About SimpleQA Verified
SimpleQA Verified is a factoid question-answering benchmark consisting of 1,000 questions. The table below shows the topics covered by questions in the benchmark.
| Topic | Percentage |
|---|---|
| Politics | 18% |
| Science and technology | 16% |
| Art | 15% |
| Sports | 12% |
| Geography | 11% |
| Music | 10% |
| History | 5% |
| Other | 14% |
The table below shows the answer types of questions in the benchmark.
| Answer Type | Percentage |
|---|---|
| Date | 22% |
| Person | 20% |
| Number | 19% |
| Place | 15% |
| Other | 25% |
The benchmark was created by Google, building on previous work by OpenAI. Questions were originally sourced from human workers. Questions were originally selected to be difficult for GPT-4, and subsequently partially filtered to be difficult for GPT-4o, Gemini 2.0 Flash, and Claude 3.7 Sonnet. Google’s main additions were to remove highly similar questions, balance topic areas, and improve answer key accuracy.

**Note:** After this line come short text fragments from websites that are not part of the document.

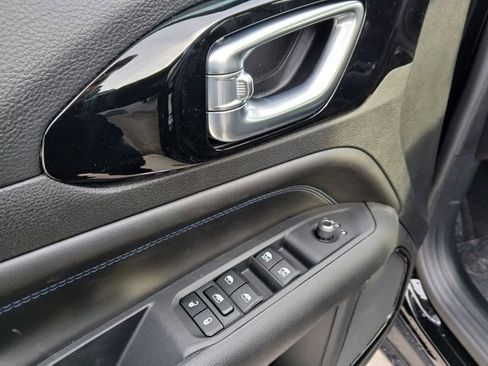 New 2026 Jeep Compass Latitude image 12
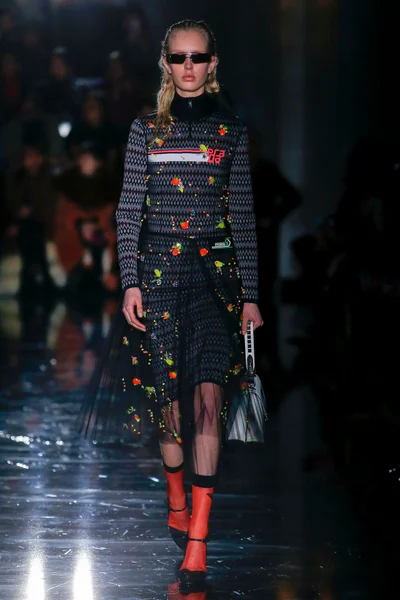 Look 17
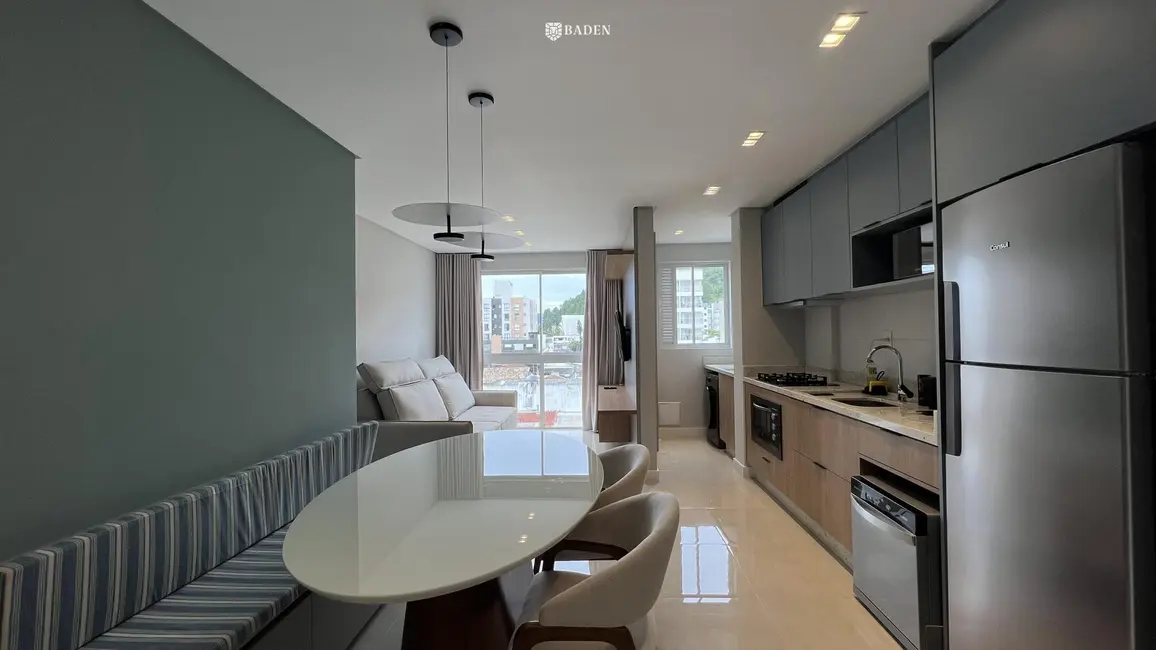 Foto 1 de Apartamento com 2 quartos à venda, 61m2 em Nações, Balneario Camboriu - SC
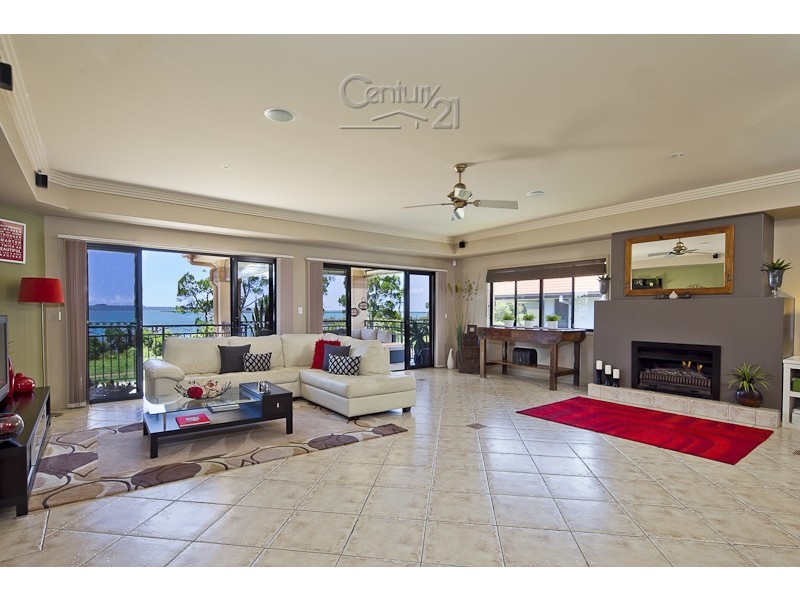 17 The Boulevard, Redland Bay QLD 4165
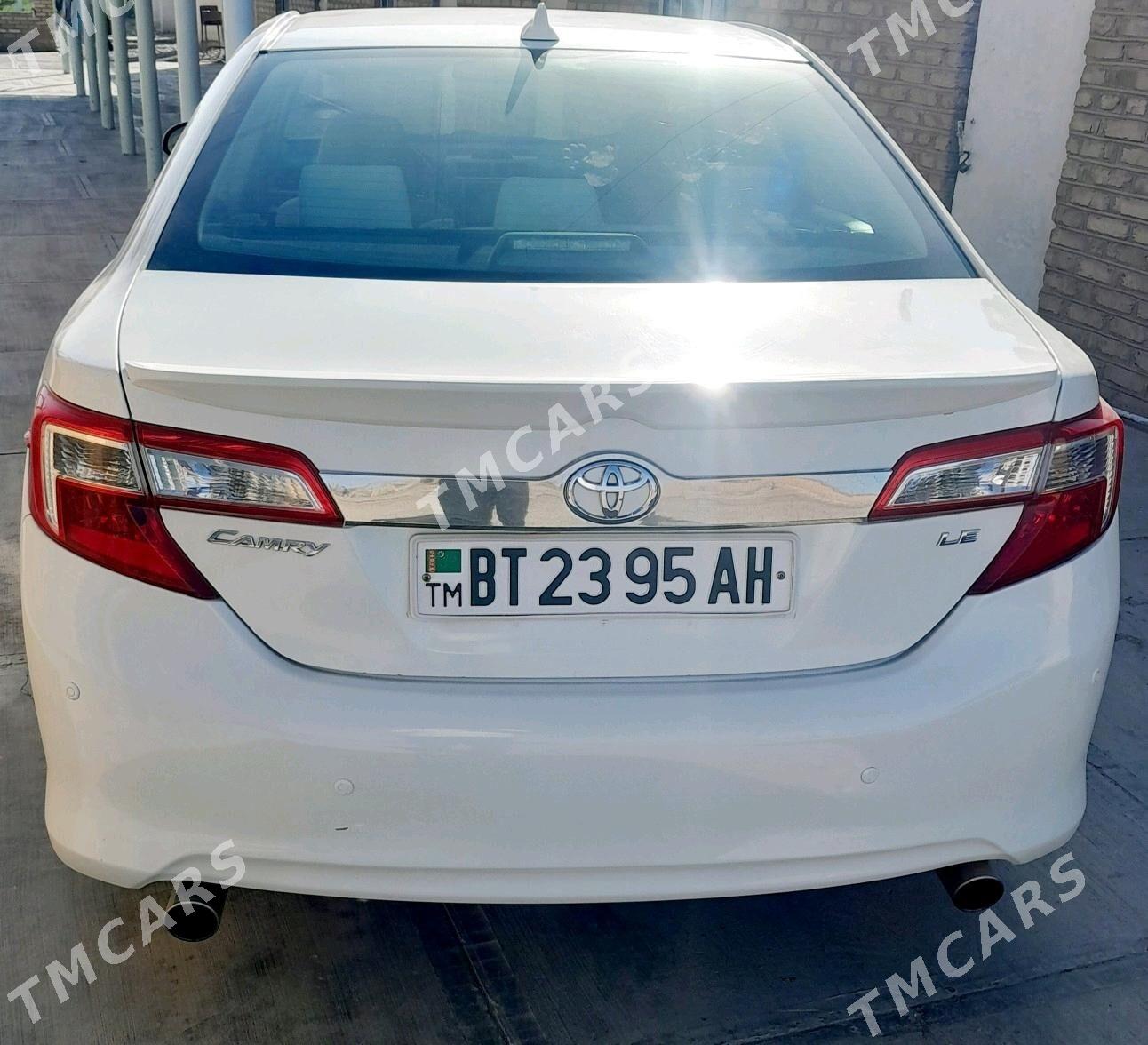 Toyota Camry 2012 - 200 000 TMT - Sarahs - img 4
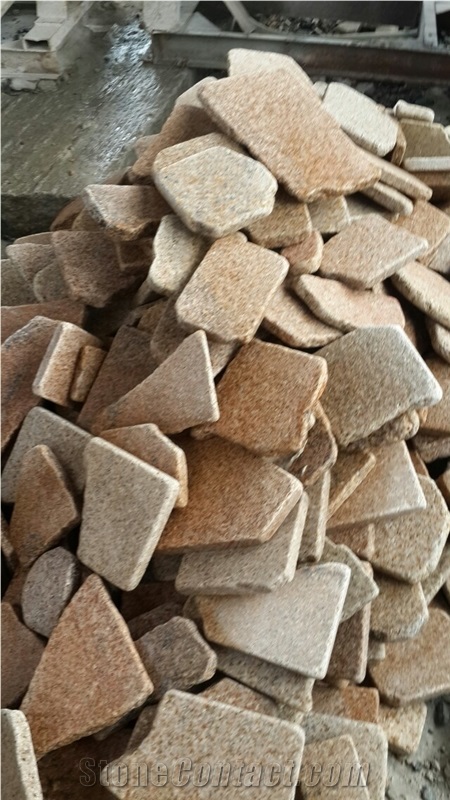 Fargo Irregular Tumbled G682 Cobble Stone, Yellow Granite/G682 Paving Setts, Exterior Pattern for Walkway/Driveway/Garden Stepping
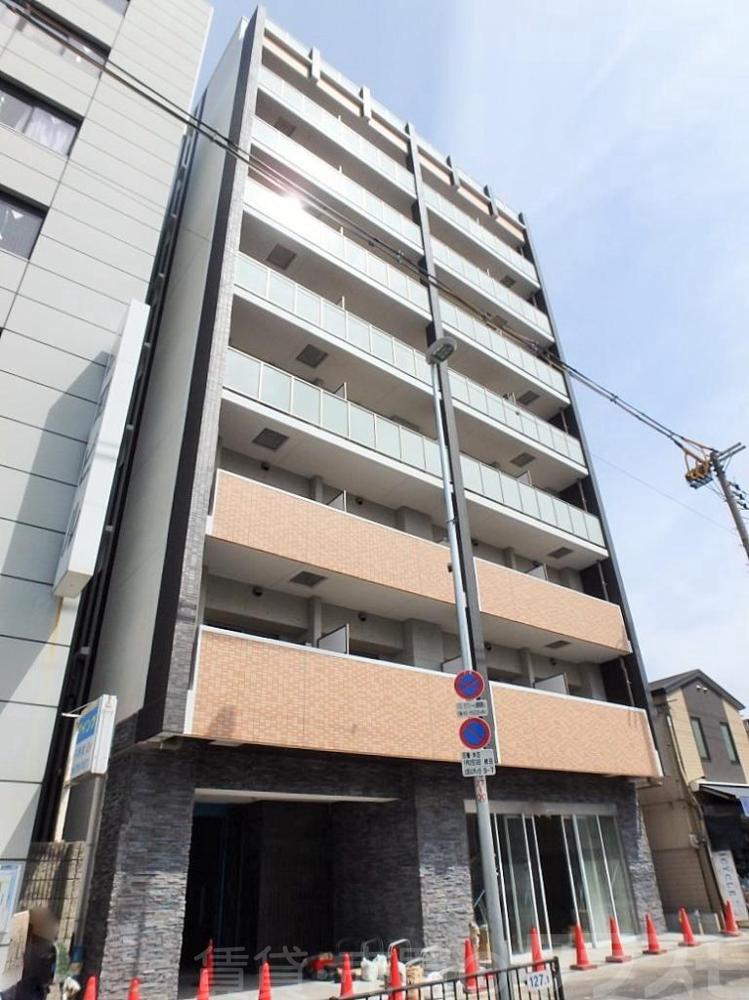 16/25 エントランス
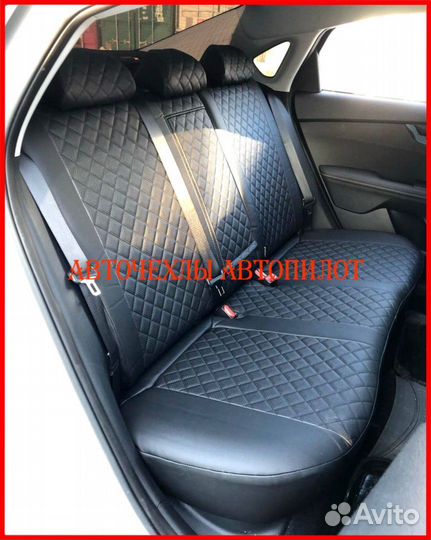 Чехлы Автопилот Toyota Avensis 3 из экокожи чёрные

To see all questions along with AI answers and scoring details, open the log viewer for a run (e.g. click here for GPT-5). The log viewer is protected against bot access.
Methodology
Questions are posed to models with no additional prompting and no answer choice options. Models generally give answers with varying degrees of additional detail. A grader model determines whether the given answer contains the correct piece of information. The grader model is prompted with a grading prompt developed by Google along with the benchmark.
The grader model has a ternary output: correct, incorrect, and “not attempted”. This last case is to distinguish between a model giving an incorrect answer and saying that it is unable to come up with the answer, the latter being more desirable. We report the simple proportion of questions answered correctly. This deviates from Google’s methodology, which computes a single score as the harmonic mean (F1-Score) of overall correct (proportion of questions that were answered correctly) and correct-given-attempted (number of questions that were answered correctly out of those that were attempted). We favor the simple measure for interpretability.
Google maintains the official leaderboard here, and we generally aim to match their methodology. We have chosen to run this benchmark ourselves so that we can control which models we run it for, e.g. to have more scores to use in calculating ECI.
The code used in our implementation can be found here.